How to compare files in two zip file are totally same or not?

I have two zip files. I want to see if everything (file name and each file's contents in the zip) are the same.

There is a similar question. But the answer does not support zip files.

Anyone has a good idea?

3 answers

  • answered 2021-03-08 06:13 jasonshu

    Seems zip will have different hashes even you zip identical items. We can divide it two parts: first is to unzip, second is to compare folders after unzip.

    import os
    import filecmp
    import zipfile
    
    def are_dir_trees_equal(dir1, dir2):
    
        dirs_cmp = filecmp.dircmp(dir1, dir2)
        if len(dirs_cmp.left_only)>0 or len(dirs_cmp.right_only)>0 or \
           len(dirs_cmp.funny_files)>0:
           return False
        (_, mismatch, errors) =  filecmp.cmpfiles(
            dir1, dir2, dirs_cmp.common_files, shallow=False)
        if len(mismatch)>0 or len(errors)>0:
            return False
        for common_dir in dirs_cmp.common_dirs:
            new_dir1 = os.path.join(dir1, common_dir)
            new_dir2 = os.path.join(dir2, common_dir)
            if not are_dir_trees_equal(new_dir1, new_dir2):
               return False
        return True
    
    
    BASE_PATH = '/Users/Documents/'
    model1 = os.path.join(BASE_PATH, 'test1.zip')
    model2 = os.path.join(BASE_PATH, 'test2.zip')
    
    with zipfile.ZipFile(model1,"r") as zip_ref:
        zip_ref.extractall(BASE_PATH)
    with zipfile.ZipFile(model2,"r") as zip_ref:
        zip_ref.extractall(BASE_PATH)
    
    folder1 = model1.split('.')[0]
    folder2 = model2.split('.')[0]
    
    is_equal = are_dir_trees_equal(folder1, folder2)
    print(is_equal)
    

  • answered 2021-03-08 06:46 BrainCity

    I tried using zipfile builtin module in python.
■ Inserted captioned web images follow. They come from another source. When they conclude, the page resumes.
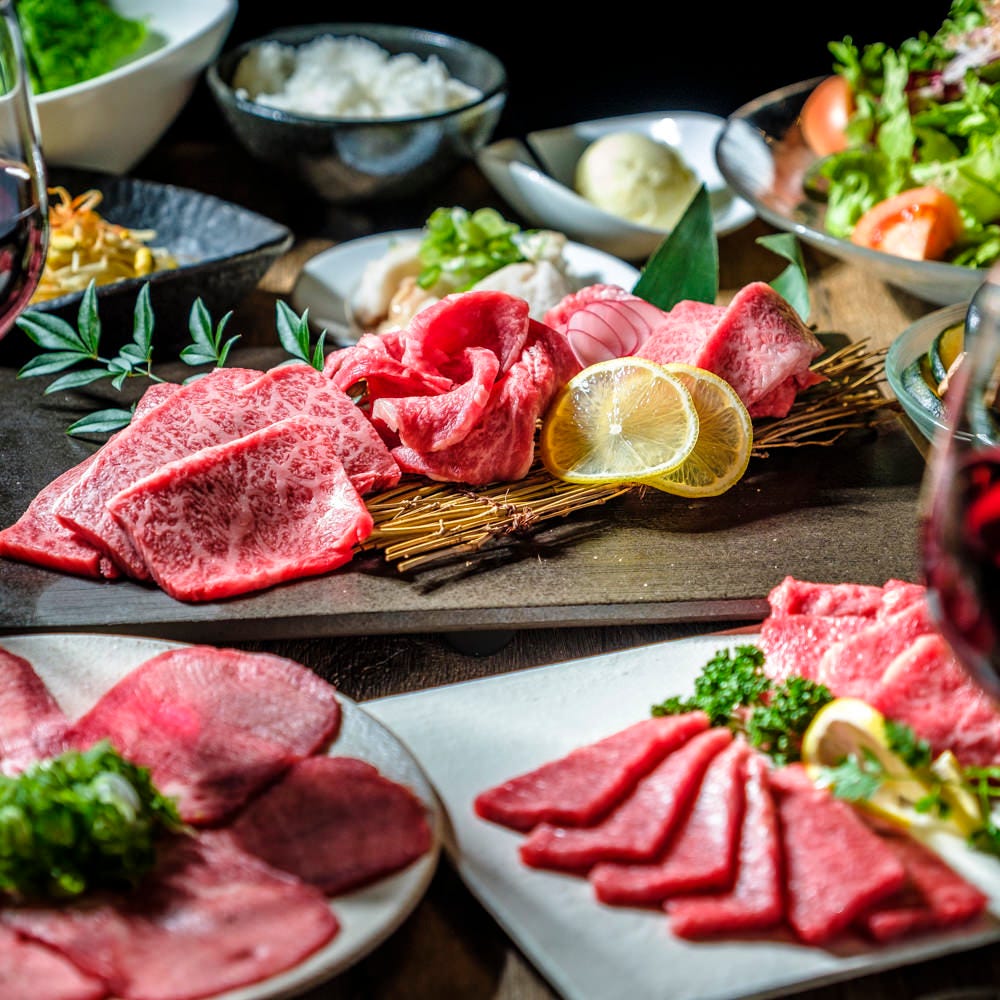 【歓送迎会】 全13品 国産村田牛焼肉コース 4620円 ＋1650円で飲み放題付けれます！！の詳細｜神戸牛 炭火焼肉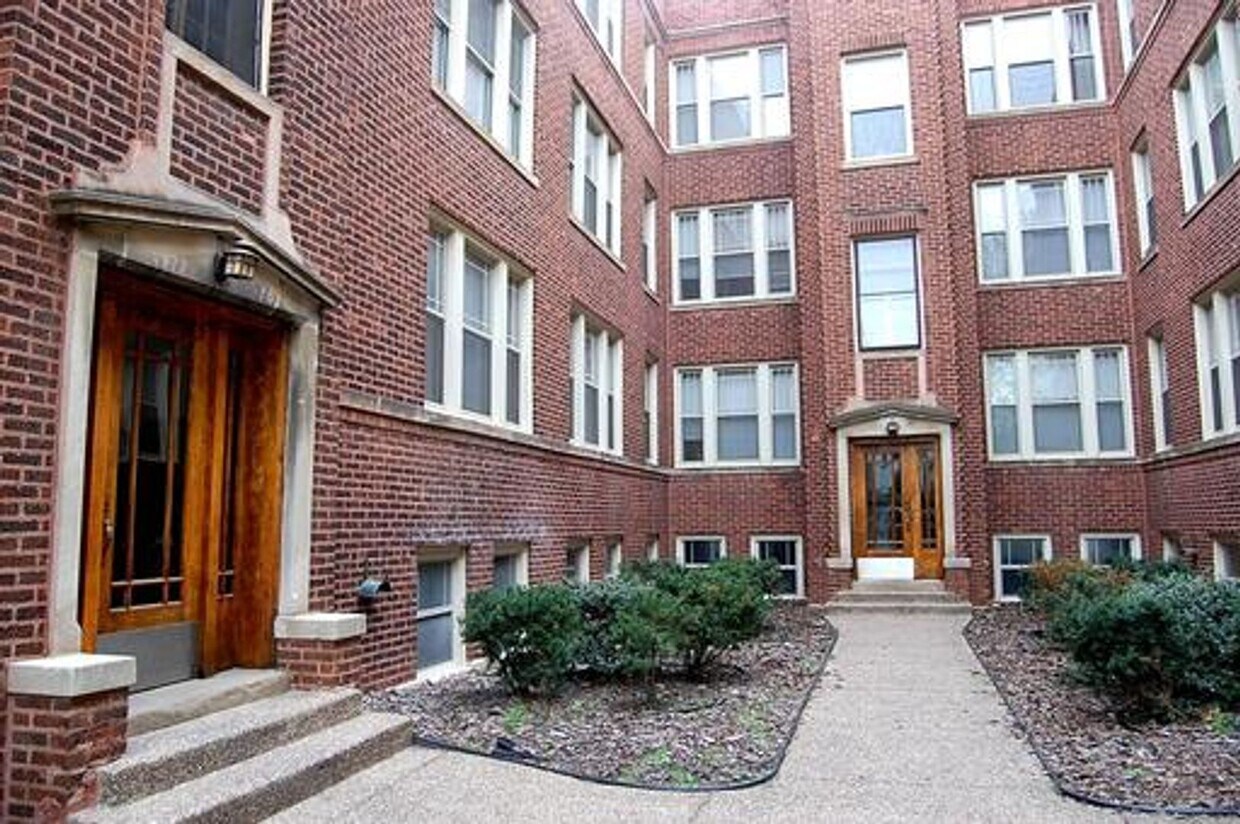 Foto principal - 4844 W Wrightwood Ave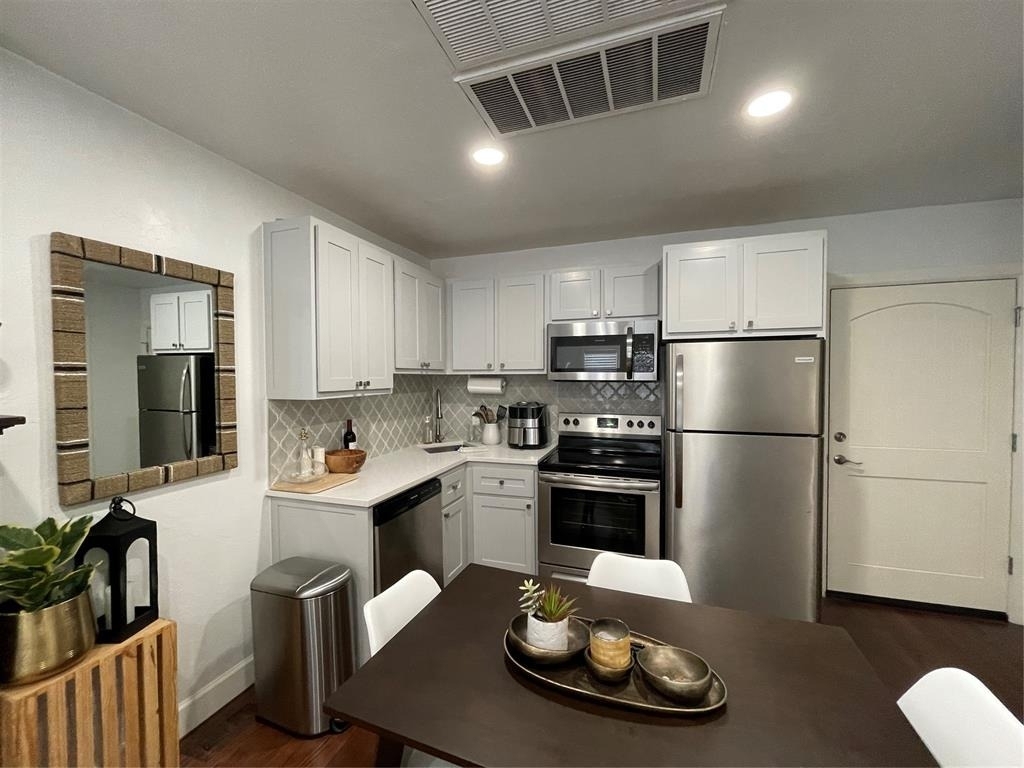 900 Nw 13th Street - Photo 6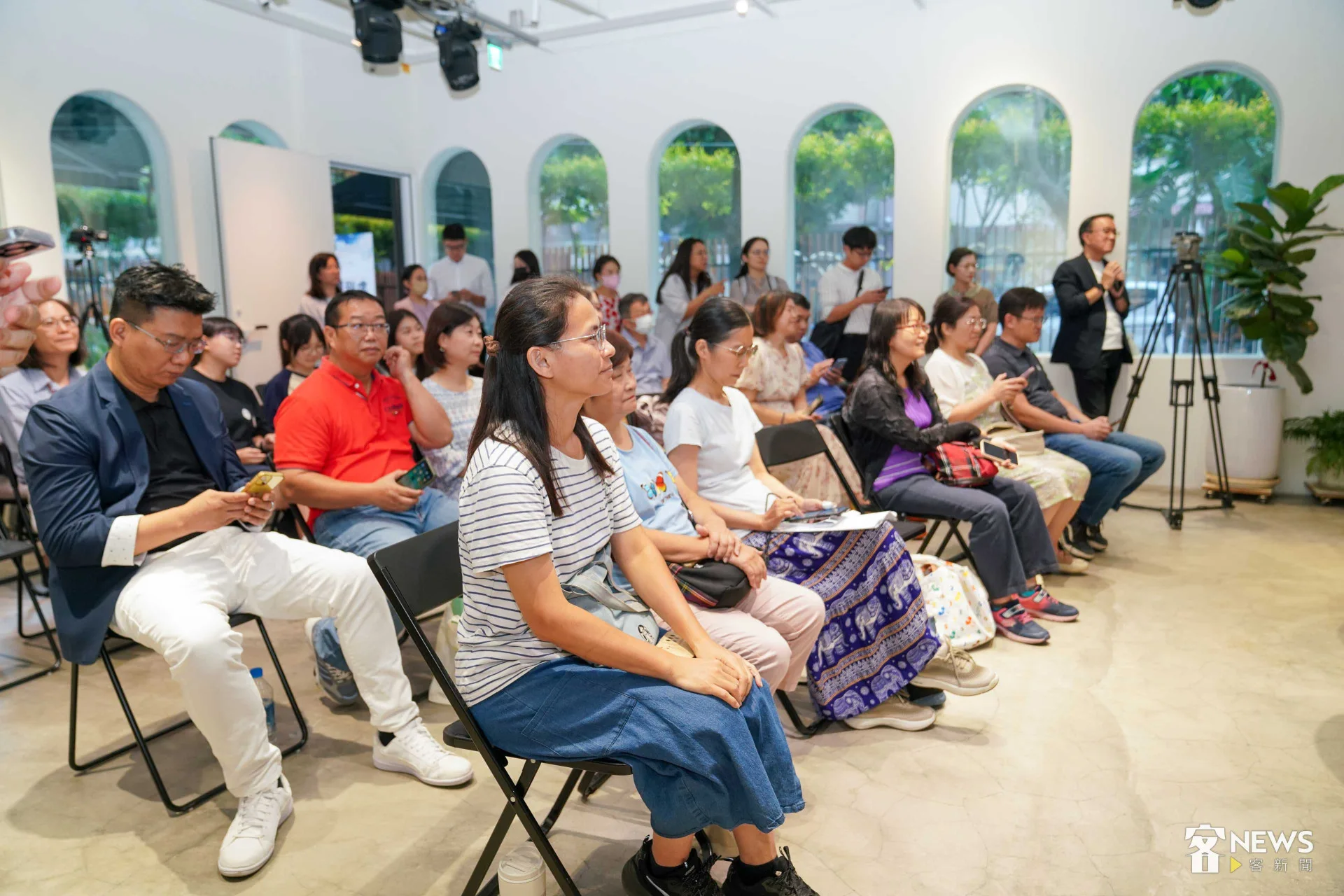 家長們也齊聚聆聽學員們分享在泰國的大小故事。李台源攝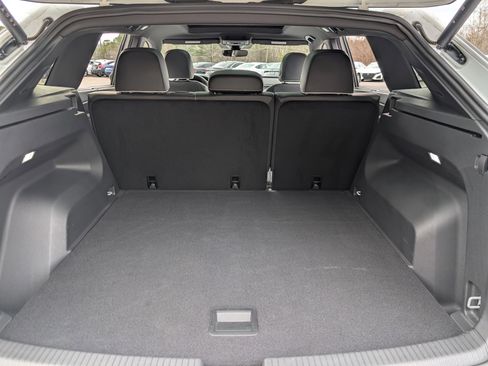 Used 2024 Volkswagen Atlas Cross Sport SEL Premium R-Line image 19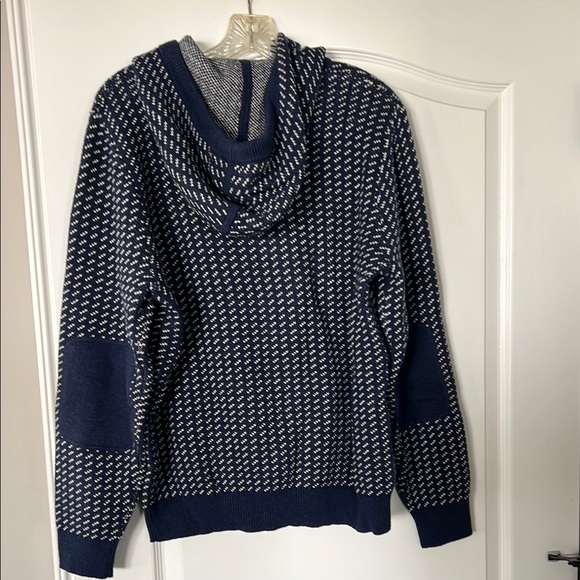 LL Bean Navy Blue Patterned Men's Sweater - Picture 5 of 5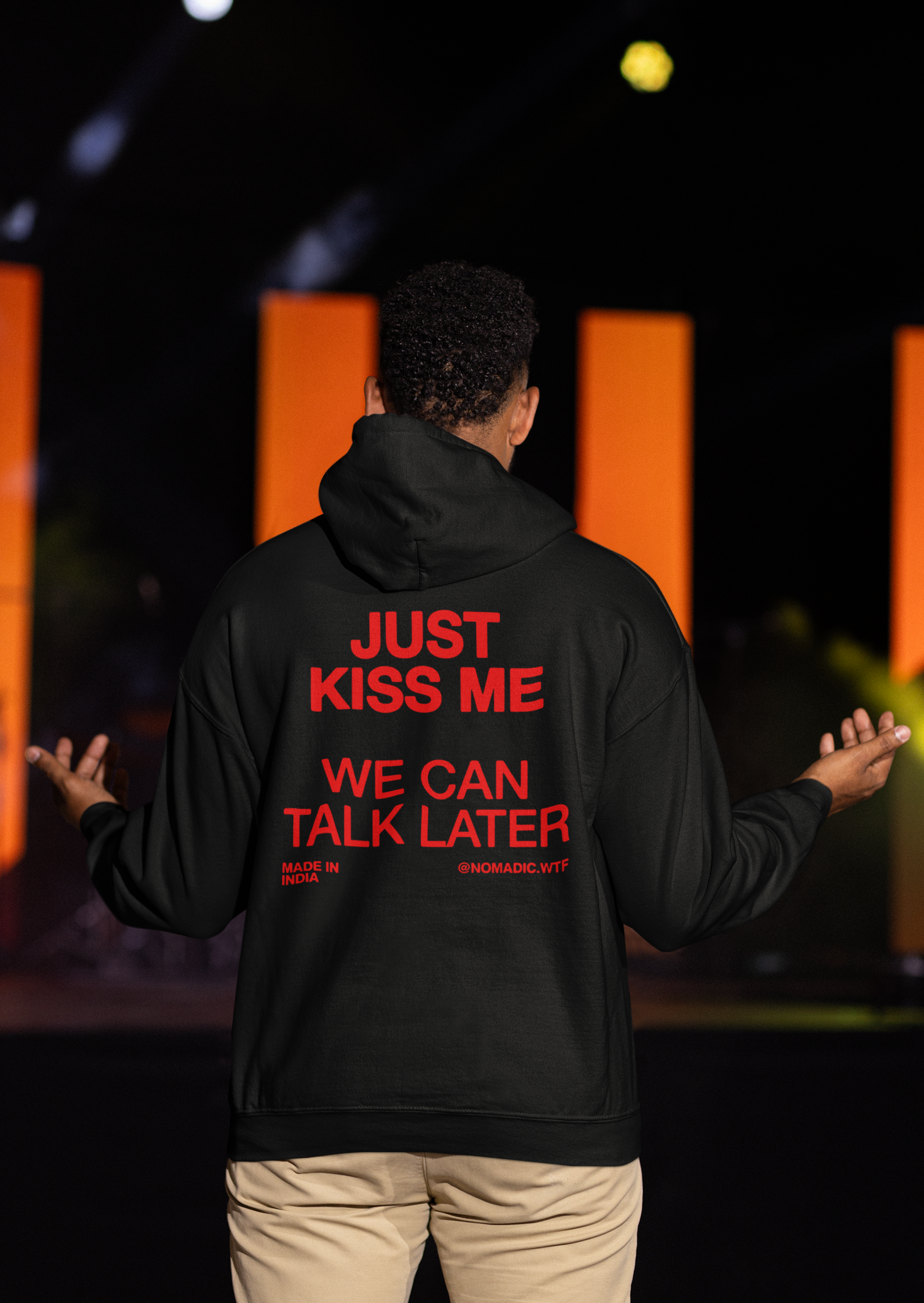 KISS ME HOODIE HEAVY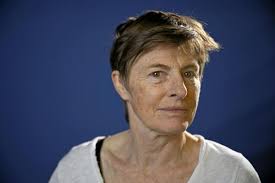 Première femme championne du monde de judo, ancienne garde du corps,  pointure de l'entraînement : Jane Bridge, une crème anglaise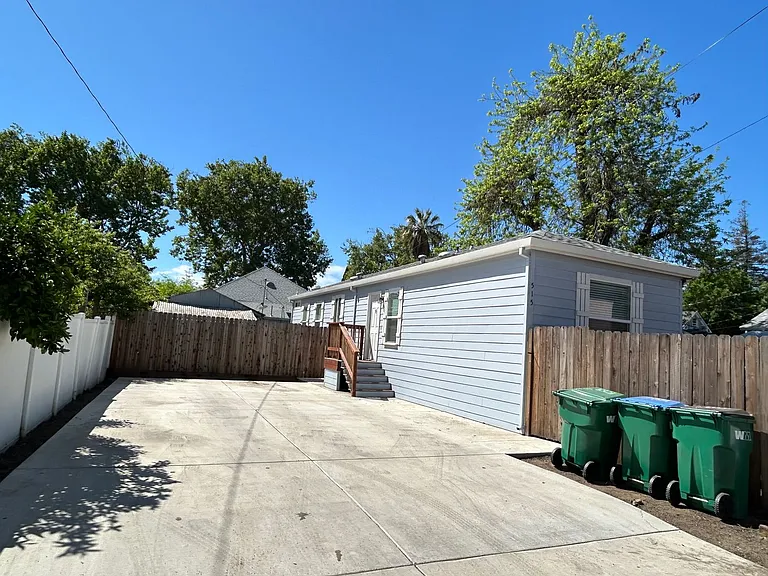 515 E Walnut St — Photo 1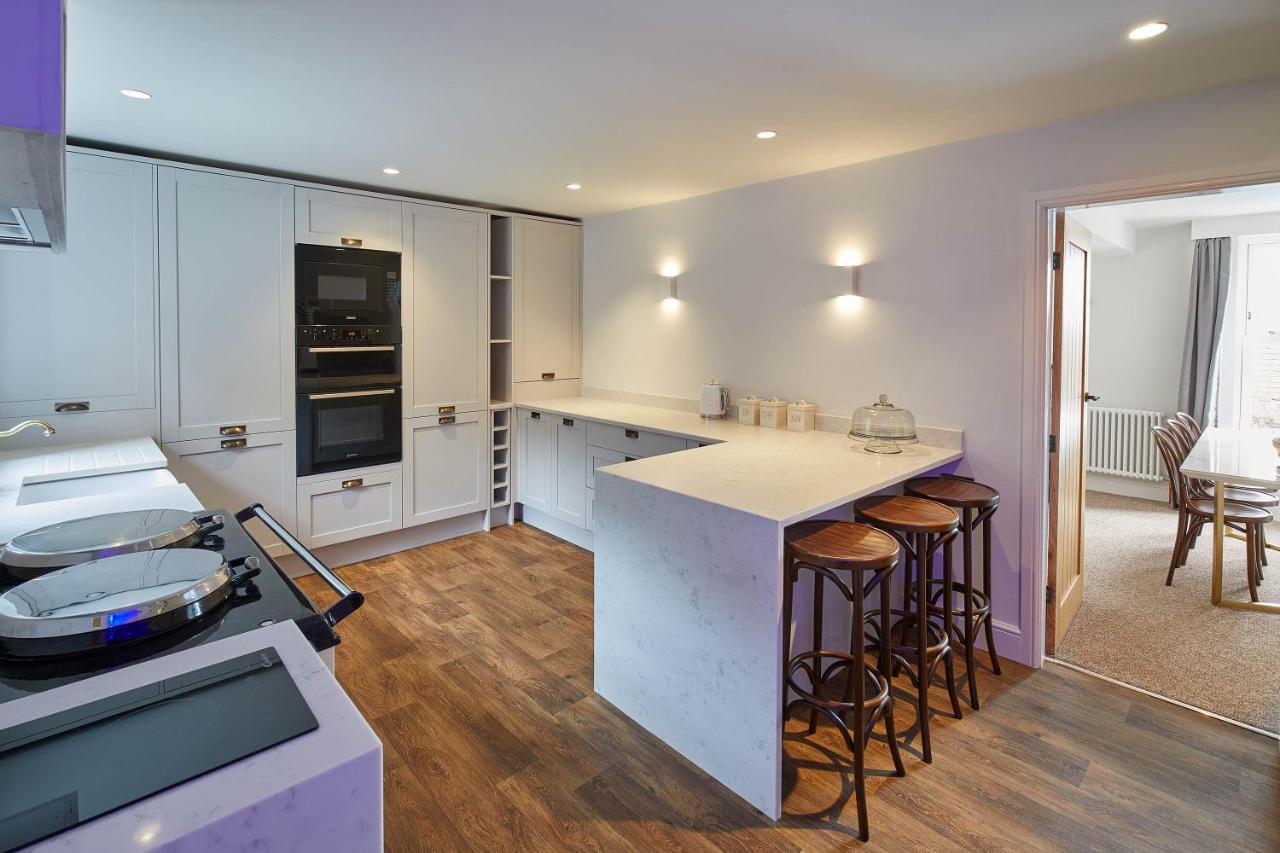 Host & Stay - Graham Close Holiday Homes Scarborough Exteriör bild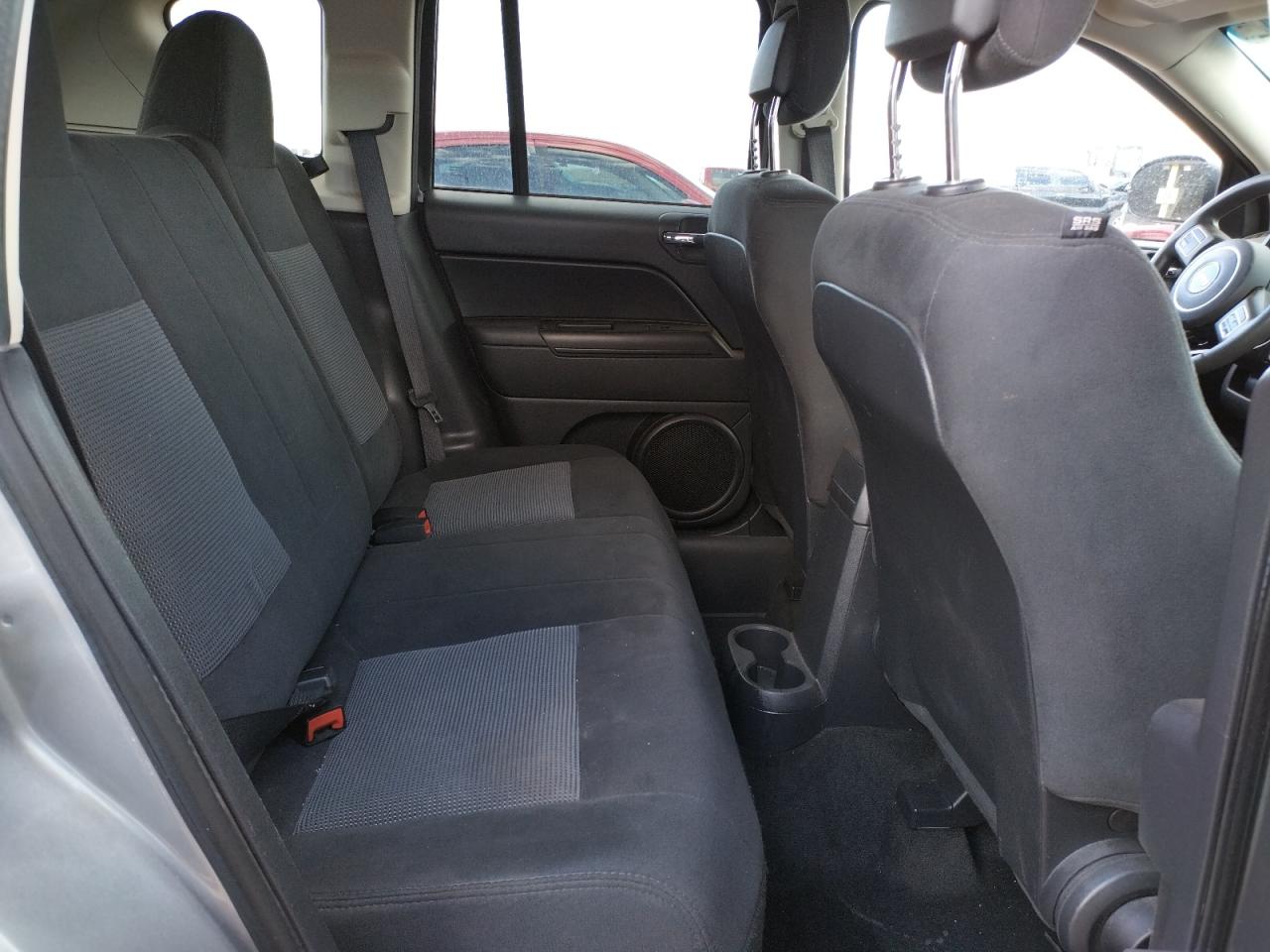 Photo 6 from auction – 2017 JEEP COMPASS SP with VIN 1C4NJCBA5HD147204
    from zipfile import ZipFile
    
    def compare(file1, file2):
        try:
            with ZipFile(file1, 'r') as file:
                f1 = str([x for x in file.infolist()])
            with ZipFile(file2, 'r') as file:
                f2 = str([x for x in file.infolist()])
            return f1 == f2
        except FileNotFoundError:
            return f"Either file at {file1} or {file2} does not exist"
    
    
    f = compare(file1='storage/1.zip', file2='storage/2.zip')
    print(f)
    

    I don't know this is correct approach or not (if it is not please correct me)

  • answered 2021-03-09 03:12 RootTwo

    Here's my stab at it. It may be sufficient to just make sure the ZipFiles contain the same items and that the items have matching CRC32s. (What is the chance that two ZipFiles being compared have files with the same name and same CRC32 but are different files?) If that is good enough, omit the loop that compares the file contents.

    from zipfile import ZipFile
    
    BUFSIZE = 1024
    
    def are_equivalent(filename1, filename2):
        """Compare two ZipFiles to see if they would expand into the same directory structure
        without actually extracting the files.
        """
        
        with ZipFile(filename1, 'r') as zip1, ZipFile(filename2, 'r') as zip2:
            
            # Index items in the ZipFiles by filename. For duplicate filenames, a later
            # item in the ZipFile will overwrite an ealier item; just like a later file
            # will overwrite an earlier file with the same name when extracting.
            zipinfo1 = {info.filename:info for info in zip1.infolist()}
            zipinfo2 = {info.filename:info for info in zip2.infolist()}
            
            # Do some simple checks first
            # Do the ZipFiles contain the same the files?
            if zipinfo1.keys() != zipinfo2.keys():
                return False
            
            # Do the files in the archives have the same CRCs? (This is a 32-bit CRC of the
            # uncompressed item. Is that good enough to confirm the files are the same?)
            if any(zipinfo1[name].CRC != zipinfo2[name].CRC for name in zipinfo1.keys()):
                return False
            
            # Skip/omit this loop if matching names and CRCs is good enough.
            # Open the corresponding files and compare them.
            for name in zipinfo1.keys():
                
                # 'ZipFile.open()' returns a ZipExtFile instance, which has a 'read()' method
                # that accepts a max number of bytes to read. In contrast, 'ZipFile.read()' reads
                # all the bytes at once.
                with zip1.open(zipinfo1[name]) as file1, zip2.open(zipinfo2[name]) as file2:
                    
                    while True:
                        buffer1 = file1.read(BUFSIZE)
                        buffer2 = file2.read(BUFSIZE)
                        
                        if buffer1 != buffer2:
                            return False
                        
                        if not buffer1:
                            break
                            
            return True